§ **Task item**: Only the text of the records, copied exactly, is wanted; no pictures.

§ **Dataset records**:
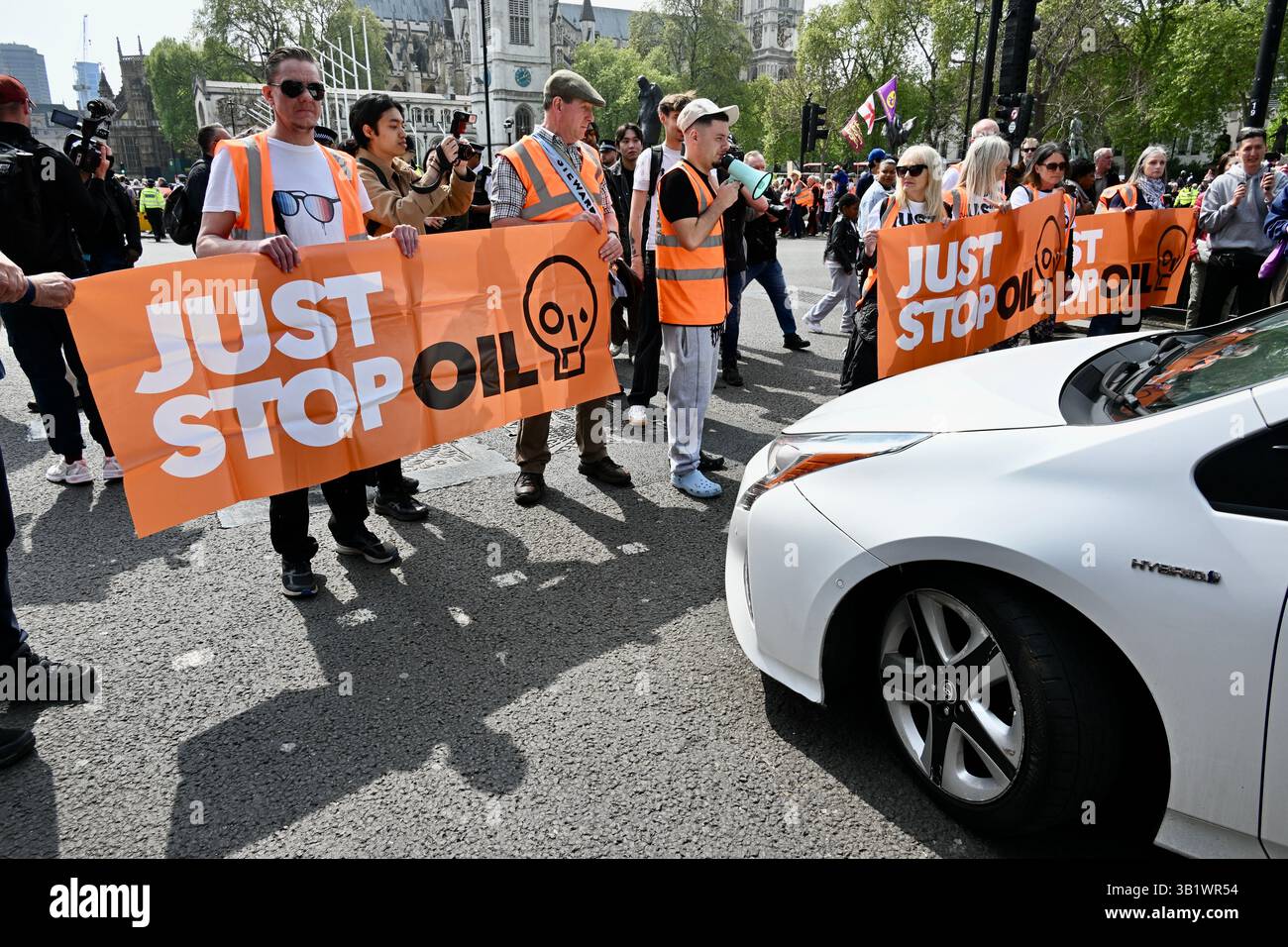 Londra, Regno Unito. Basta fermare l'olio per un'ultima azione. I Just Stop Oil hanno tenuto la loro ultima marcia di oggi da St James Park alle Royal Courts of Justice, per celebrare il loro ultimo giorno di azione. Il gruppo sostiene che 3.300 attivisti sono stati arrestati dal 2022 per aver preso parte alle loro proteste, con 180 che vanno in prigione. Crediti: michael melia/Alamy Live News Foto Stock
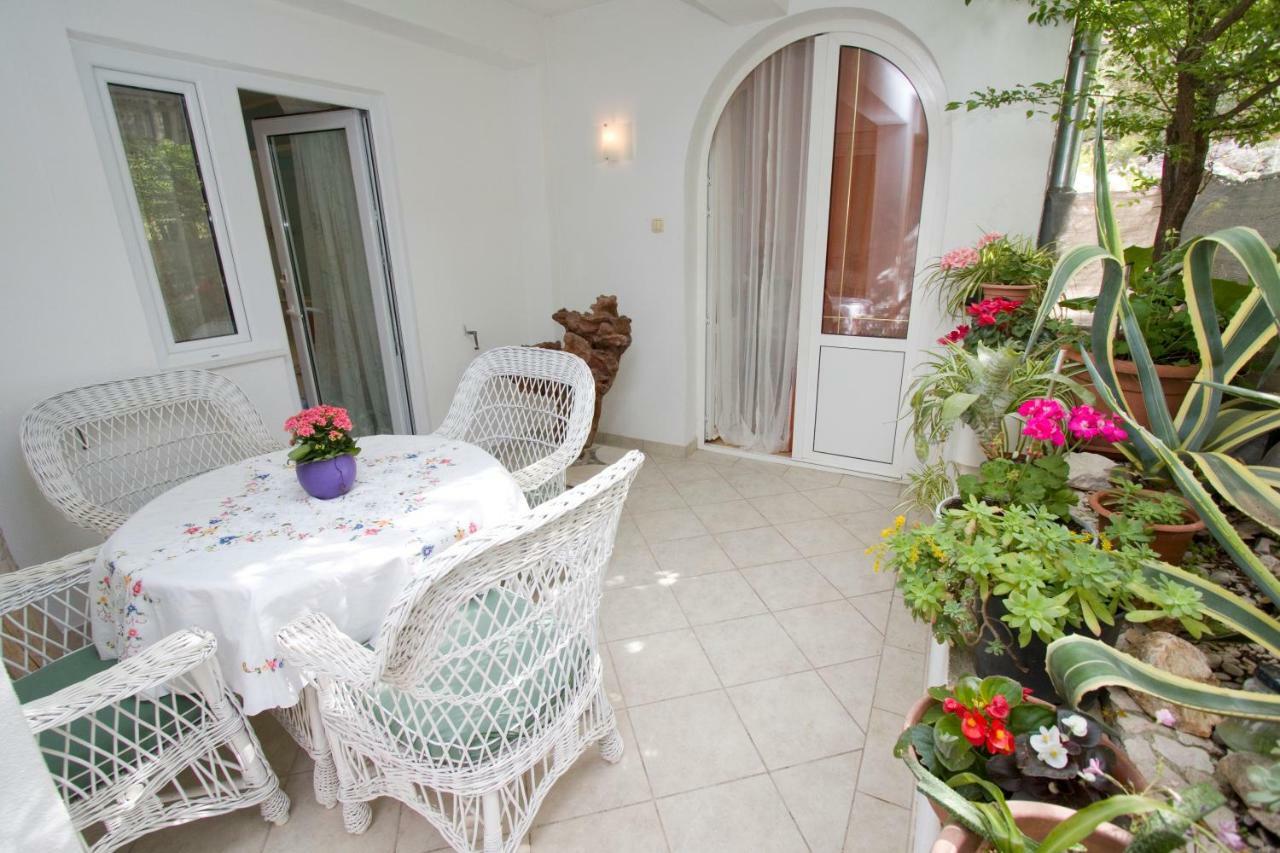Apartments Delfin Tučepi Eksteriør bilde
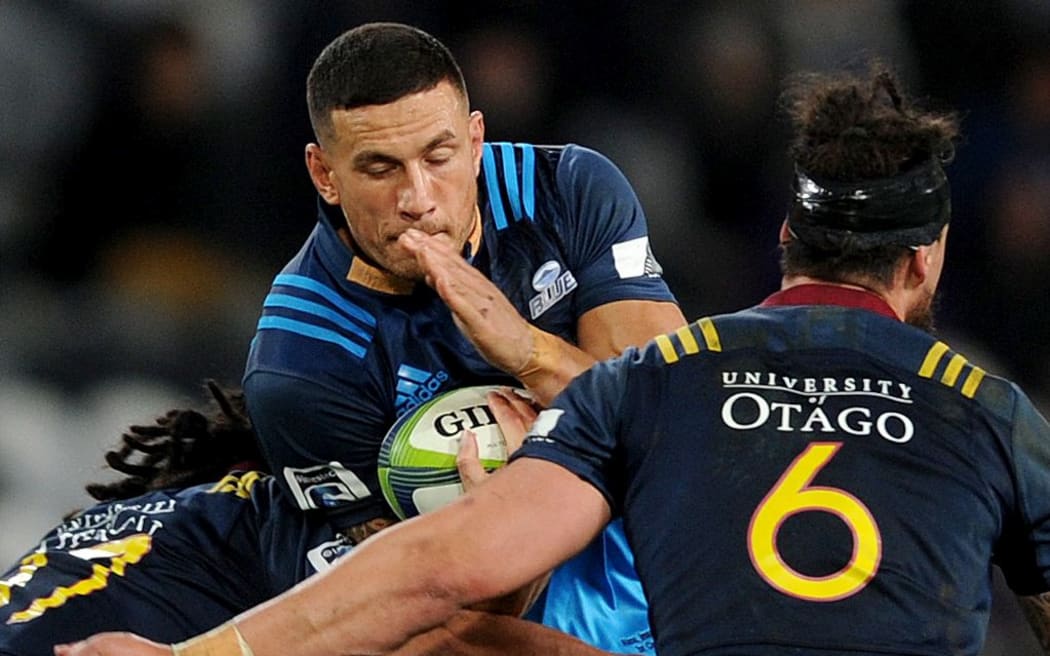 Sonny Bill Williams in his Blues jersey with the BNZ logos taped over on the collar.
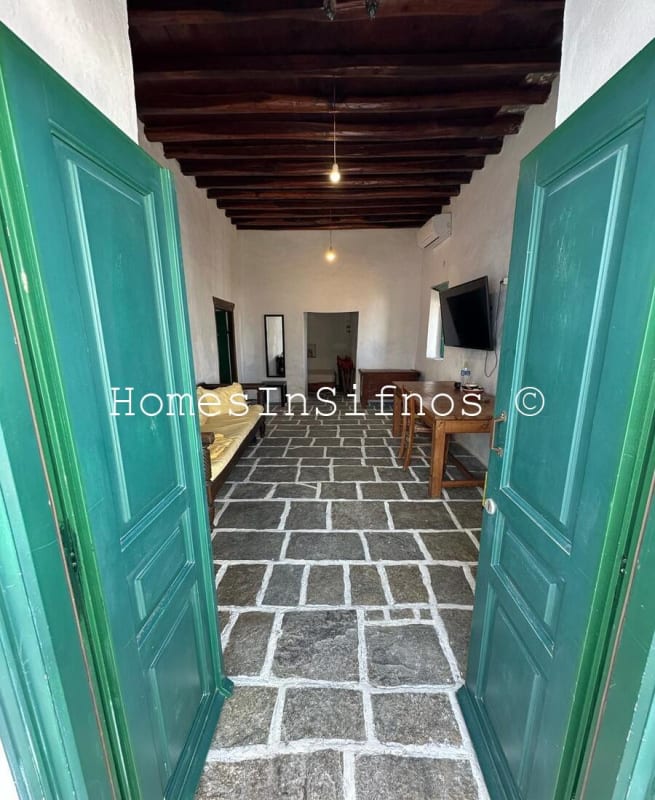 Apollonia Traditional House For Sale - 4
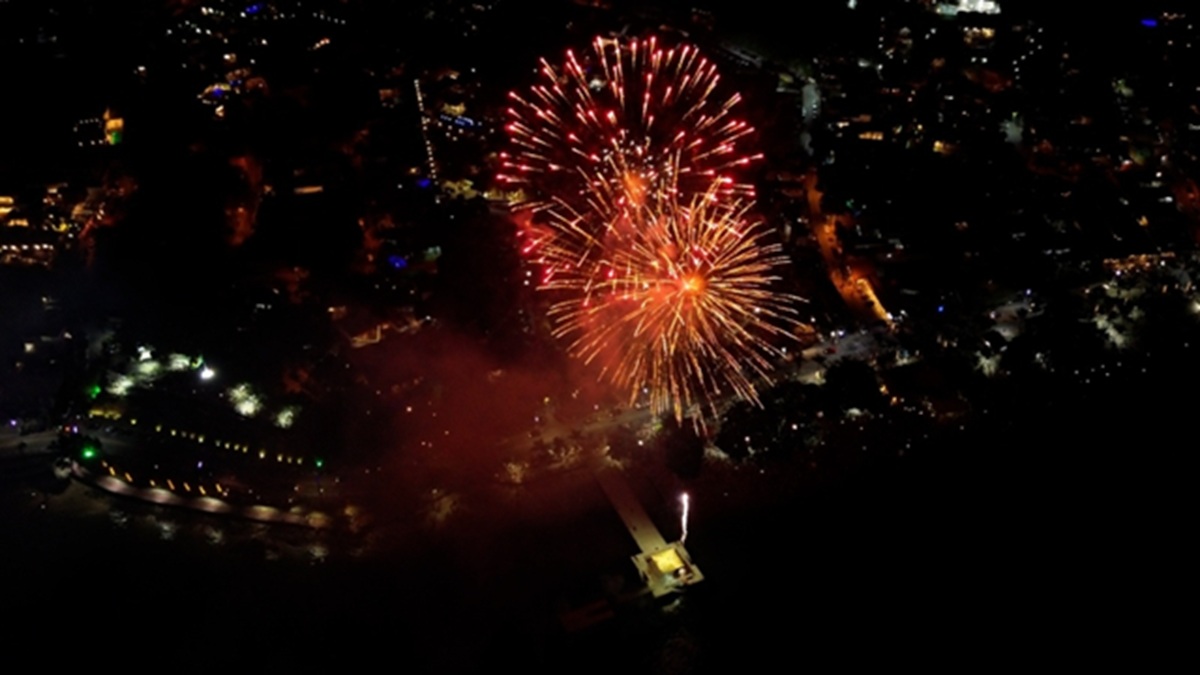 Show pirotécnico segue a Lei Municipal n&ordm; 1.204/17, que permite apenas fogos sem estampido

§ **Worked solution**:
 Londra, Regno Unito. Basta fermare l'olio per un'ultima azione. I Just Stop Oil hanno tenuto la loro ultima marcia di oggi da St James Park alle Royal Courts of Justice, per celebrare il loro ultimo giorno di azione. Il gruppo sostiene che 3.300 attivisti sono stati arrestati dal 2022 per aver preso parte alle loro proteste, con 180 che vanno in prigione. Crediti: michael melia/Alamy Live News Foto Stock
Apartments Delfin Tučepi Eksteriør bilde
 Sonny Bill Williams in his Blues jersey with the BNZ logos taped over on the collar.
 Apollonia Traditional House For Sale - 4
 Show pirotécnico segue a Lei Municipal n&ordm; 1.204/17, que permite apenas fogos sem estampido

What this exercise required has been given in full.